As the minivan crashed through the ice, Paul’s son Jonathan jumped from the front passenger seat, and pulled himself up out of the Kamaniskeg Lake water onto the ice. The driver, Greg Gassman, flung himself out of the van too, sinking neck deep before hauling himself onto the cracking ice.
The van sunk like a rock.
Crawled to safety
“Jonathan told Greg to stay low as ice cracked under them and they crawled to a safer spot.”
And the two young Our Lady Seat of Wisdom Academy students waited at the edge of the shattered ice, hoping against hope their two fellow students in the back seat would somehow escape.
Paul, the director for marriage and family life for the Archdiocese of Edmonton, recounts the story told to him by Jonathan by phone Monday just 10 minutes after Paul and his wife Carol had arrived home from a trip to Florida.

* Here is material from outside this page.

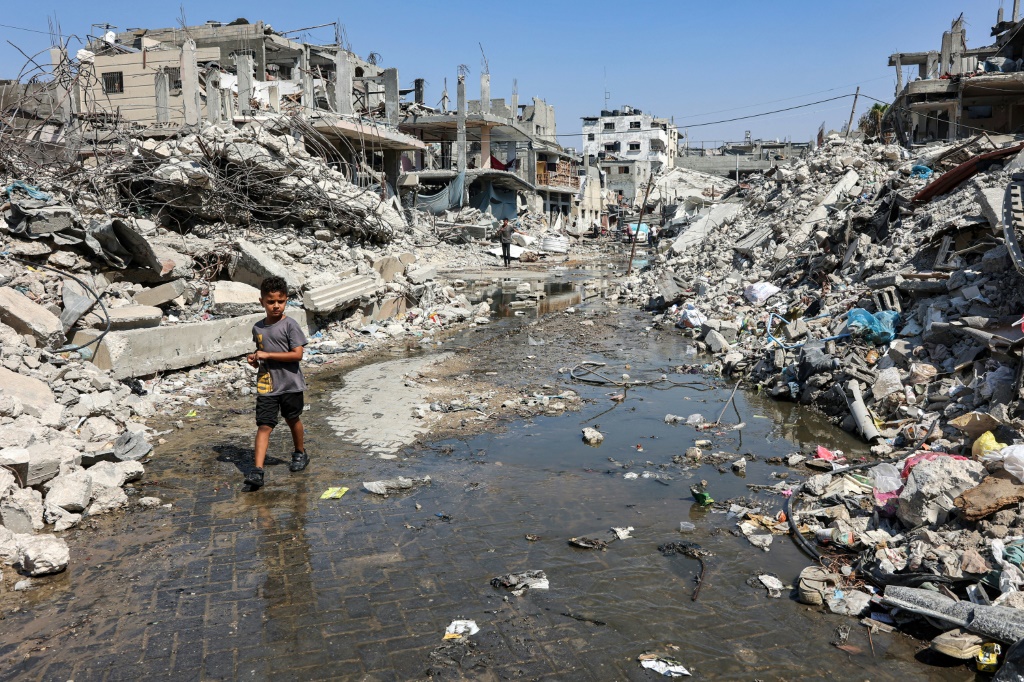 يبلغ متوسط ​​المياه المتاحة لسكان غزة حاليًا 4.74 لترًا يوميًا، "أقل من ثلث الحد الأدنى الموصى به في حالات الطوارئ"، أو ما يعادل "أقل من تدفق مياه المرحاض مرة واحدة"، وفقًا لما ذكرته منظمة أوكسفام في يوليو/تموز. (أ ف ب)   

Desperate to get help, the icy-wet young men ran from cottage to cottage trying to find someone home. But this is a summer place, vacant come winter.
Finally they found one cottage open, but there was no power, no phone.
By this time Greg who had lost a shoe and was completely soaked, started to become hypothermic.
“So when they came to another cottage and could get in, Jonathan made a fire,” said Paul, “but there was no electricity.”
They stayed the night and dried out. Come Sunday morning they again ran from cottage to cottage until they finally found someone at home. The police were called.
Bodies recovered
Divers recovered the bodies of the two students, Janine Lieu of Vancouver and Paul Sanders from Dublin, Ontario, Monday.
A simple shopping trip turned into a tragedy.
Paul Sanders was an only child and planning to be a priest. Fellow students talked of his and Janine’s devotion to their faith.
“If anyone was ready to meet God and go to heaven it was these two,” said Paul, “but this in no way minimizes the sorrow and grief of their parents and loved ones.”
Still deeply shaken, Paul emoted, “You don’t know why. I’m relieved my son made it but we feel such grief for the parents. While you are relieved, you have survivor’s guilt.”
The Quists flew from Edmonton early Wednesday morning to be with Jonathan and the other families.
A requiem Mass will be held for the dead students Monday at St. Hedwig’s in Barry’s Bay.